La difesa sosteneva una errata applicazione della legge penale, e conseguente contraddittorietà ed illogicità della motivazione, in ordine alla posizione di garanzia rivestita dall’imputato nella vicenda in esame ed in ordine alla ritenuta esclusione della condotta abnorme del lavoratore.
La Corte, con sentenza n. 9568 depositata il 6 marzo 2024, dichiarava il ricorso inammissibile.
La Cassazione, infatti, sottolineava come la posizione di garanzia dell’imputato era stata fatta discendere dalla sua qualifica di datore di lavoro dell’infortunato, il quale, mentre era intento ad effettuare lavori di pitturazione, precipitava da un’impalcatura, priva di fermi funzionanti e non idonea a consentire il raggiungimento di tutte le parti dell’edificio da verniciare.

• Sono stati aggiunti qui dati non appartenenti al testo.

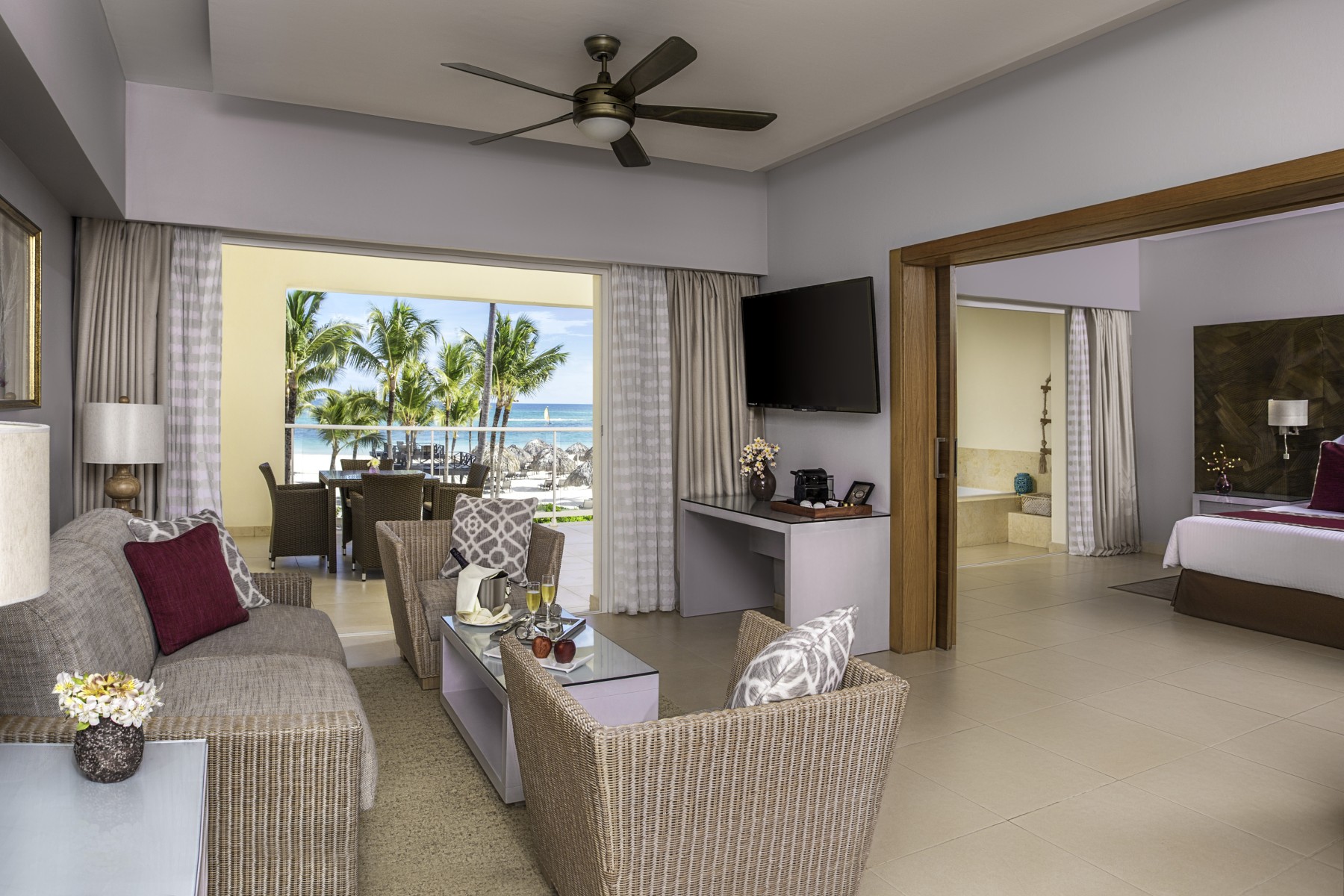 Preferred Club Master Suite Ocean Front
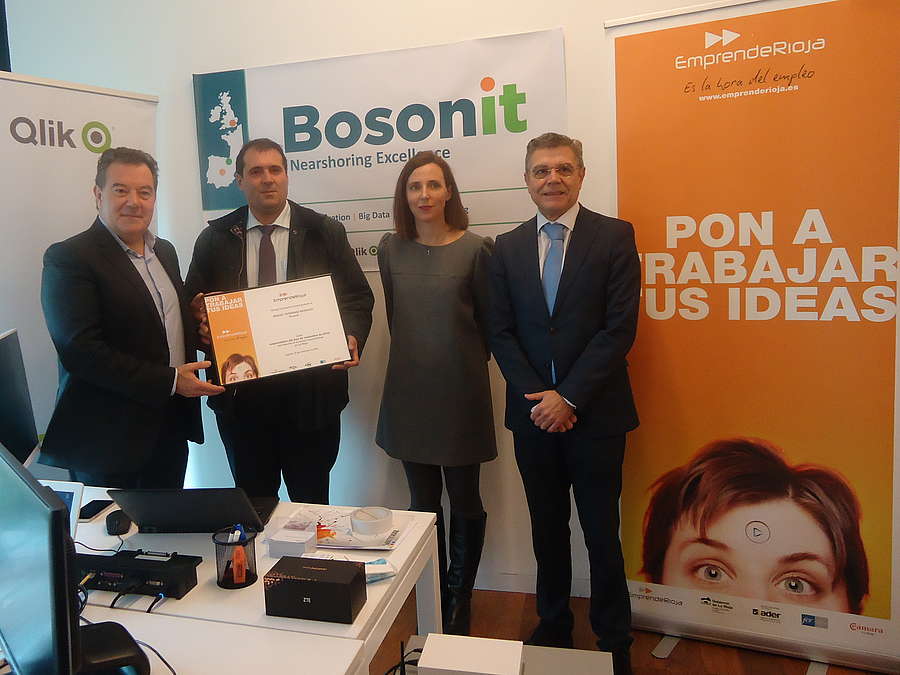 Representantes de EmprendeRioja entregan el diploma del mes de noviembre a la empresa Bosonit
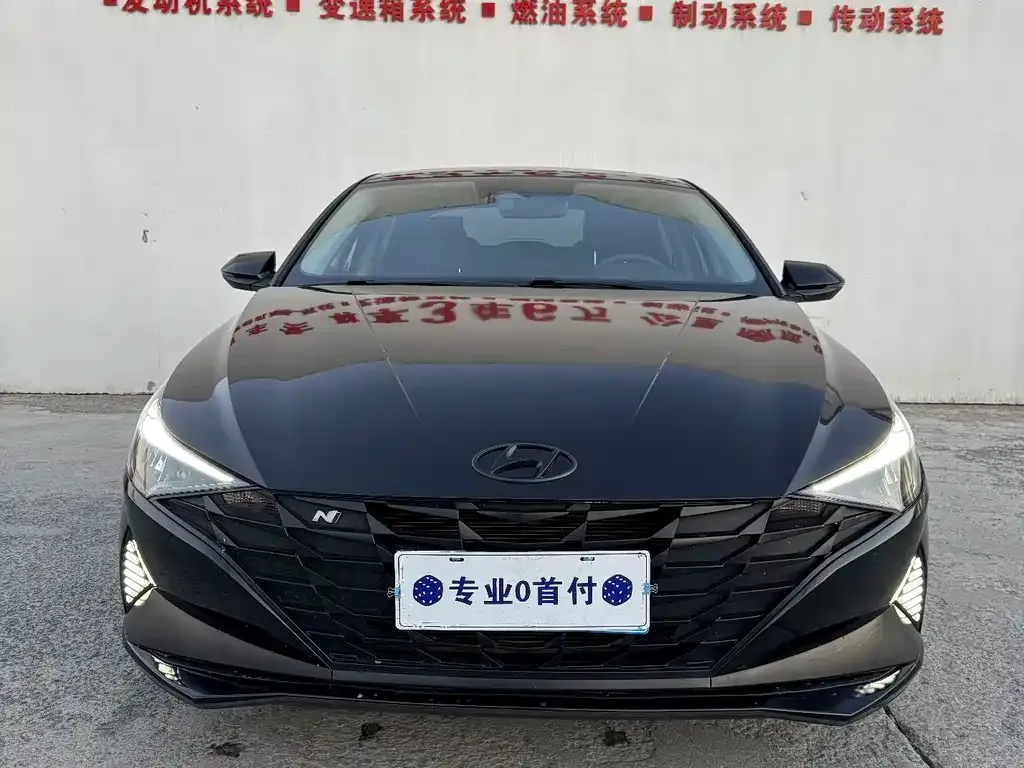 Hyundai Elantra 2022 из CN, фото 2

Il lavoratore, da un lato, serbava una condotta imprudente in quanto, per raggiungere le parti su cui doveva operare, provocava lo spostamento dell’impalcatura saltellando sulla sua piattaforma, precipitando poi al suolo.
Tuttavia, le violazioni alle norme antinfortunistiche individuate nei gradi di merito, riguardanti la mancata formazione del lavoratore e l’inidoneità dello strumento di lavoro messo a sua disposizione, per via del meccanismo di blocco non funzionante e delle misure insufficienti, venivano solo genericamente contestate dall’imputato, il quale si limitava ad evidenziare come il lavoratore fosse esperto e formato.
In merito alla eventuale presenza di altre figure aziendali addette alla sicurezza, la Corte sosteneva che: “in ogni caso, anche a volere ammettere la presenza di altre figure garanti della sicurezza del lavoratore, in materia di prevenzione degli infortuni nei luoghi di lavoro, qualora vi siano più titolari della posizione di garanzia, ciascuno è per intero destinatario dell’obbligo di tutela impostogli dalla legge per cui l’omessa applicazione di una cautela antinfortunistica è addebitabile ad ognuno dei titolari di tale posizione”.
Sotto altro aspetto, veniva confermato che il comportamento abnorme del lavoratore non può mai essere ravvisato in una condotta che, per quanto imperita, imprudente o negligente, rientri comunque nelle mansioni assegnate, poiché la prevedibilità di uno scostamento del lavoratore dagli standards di piena prudenza, diligenza e perizia costituisce una concreta evenienza nella stessa organizzazione del lavoro.
Questo principio serve ad “evidenziare la necessità che siano portate alla luce circostanze peculiari – interne o esterne al processo di lavoro – che connotano la condotta dell’infortunato in modo che essa si collochi al di fuori dell’area di rischio definita dalla lavorazione in corso”.
Ritenuto che la Corte d’Appello avesse giustamente escluso la presenza di tali circostanze, la Corte di Cassazione dichiarava inammissibile il ricorso e condannava il ricorrente al pagamento delle spese processuali e della somma di euro tremila in favore della Cassa delle Ammende.